# late season buck



## carxman17 (Aug 23, 2007)

Well went out last night to brave the cold. Got in my stand at 3:15, very windy dusting of snow on ground... Sat until about 5:15 and was just about to get down when I saw movement about 70 yards back in the woods. So I grabbed my bow and was thinking it was a doe. Well (he) took his sweet time working his way towards me. He got close enough & I could see it was no doe, but it was the 9 pointer I had seen on my trail cam last week... Well he slowly made his way in but took what seemed like an hour, but was really about 10 minutes to get where I could get up & draw my bow. I drew back & only needed him to take one more step. He finally took that step & I but the smack down on him with the rage 2 blade. double lung, he ran 30 yards & was dead within 5 minutes. Best deer ever for me... Thanks for letting me share...[/ATTACH][/ATTACH][/ATTACH]


----------



## alumcreeker (Nov 14, 2008)

Nice buck I've been wanting to get out maybe friday with the bow before muzzle loader comes in def sat sun mon tues

Outdoor Hub mobile, the outdoor information engine


----------



## Bulldawg (Dec 3, 2007)

Great buck , glad to see ya stuck with it . It can be hard to shoot a good buck late season . Congrats !


----------



## Snook (Aug 19, 2008)

That's a great buck! Especially in the late season and yesterdays weather conditions! Congrats for being out there and harvesting a nice deer.


----------



## Wildlife (Dec 12, 2010)

Nice! Congratulations!!! Quite the accomplishment.


----------



## Sasamafras (Oct 13, 2011)

really nice late season deer! I bet it made the cold worth it!


----------



## mpd5094 (Jun 20, 2005)

Congrats on a great buck!


----------



## ezbite (May 25, 2006)

great buck. looks like 10 points from the photo.


----------



## markfish (Nov 22, 2007)

great job and it looks like a 10 point to me to at base two spikes on the left base good deal markfish


----------



## Fish-N-Fool (Apr 12, 2004)

Great job on the late season buck!

I think there has been a fair amount of does in heat over the last week or so. I haven't been hunting (already tagged a buck and a doe) but I drive all over for work. I went since gun season seeing any decent bucks. I saw 4 bucks in the last week and 3 were mature. 2 of the bucks would have made even the most picky hunter happy..real slobs!!!

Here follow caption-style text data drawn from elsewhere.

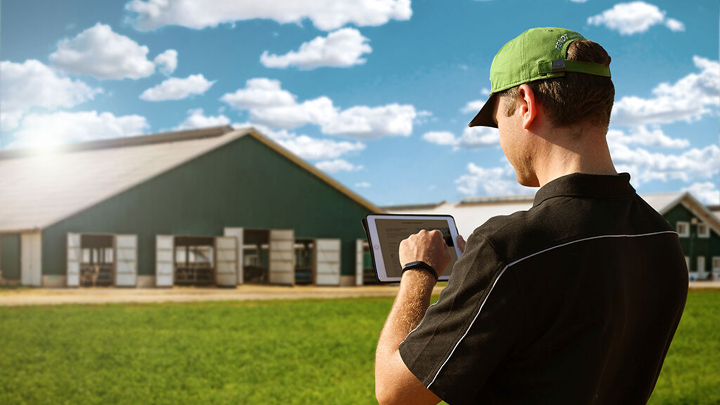 Ein Landwirt steht mit Tablet in der Hand vor seinem Hof und meldet sich für den Fendt Newsletter an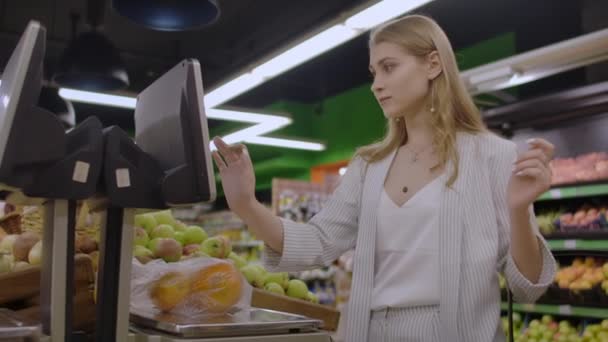 Una ragazza bionda in un supermercato pesa arance su una bilancia elettronica premendo il display in piedi con un cesto in mano . — Video Stock
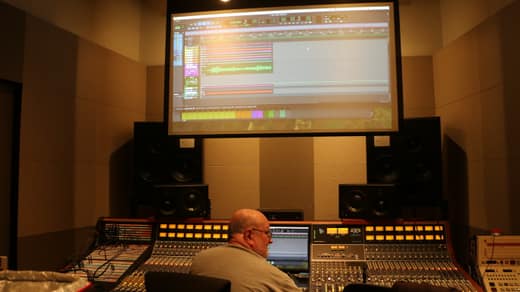 Engineer at a large analog mixing console beneath a projection of the session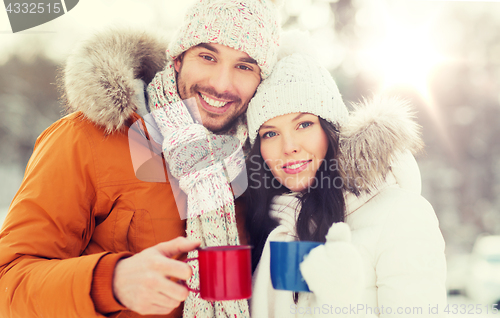 Image of happy couple with tea cups over winter landscape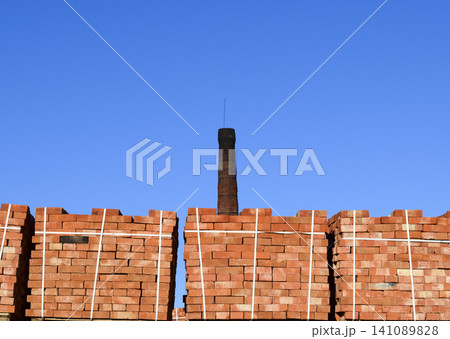 Red bricks stacked into cubes. Warehouse bricks. Storage brickworks products Red bricks stacked into cubes. Warehouse bricks. Storage brickworks products 141089828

My bow spot is covered up in deer as it is still surrounded by 120 acres of standing corn....only corn up around for some distance and the deer are hitting it hard. I am taking my nephew out there Sat and he can take whatever he sees (it would be his first deer so I am hoping it works out)!!


----------



## I_Shock_Em (Jul 20, 2008)

Nice job on the buck. Congrats. I was out the same night and filled my last tag with a button buck. It was the first archery deer I have taken from the ground (I went to my stand first to find out it had been stolen  The nerve of some people)


----------



## lomssl (Mar 25, 2006)

:! Congrats !!!!!


----------



## Header (Apr 14, 2004)

It's a very nice late season buck, congrates.


----------



## carxman17 (Aug 23, 2007)

thanks everyone, It was a great hunt. best part for me is I had him on my trail cam 2 weeks ago... This was the third night I sat since I saw him on cam. I have had a hard season. He was the first deer I saw on stand since way before gun season and by far the biggest I have ever seen on stand...


----------



## Jigging Jim (Apr 3, 2010)

Nice Buck - Congratulations!


----------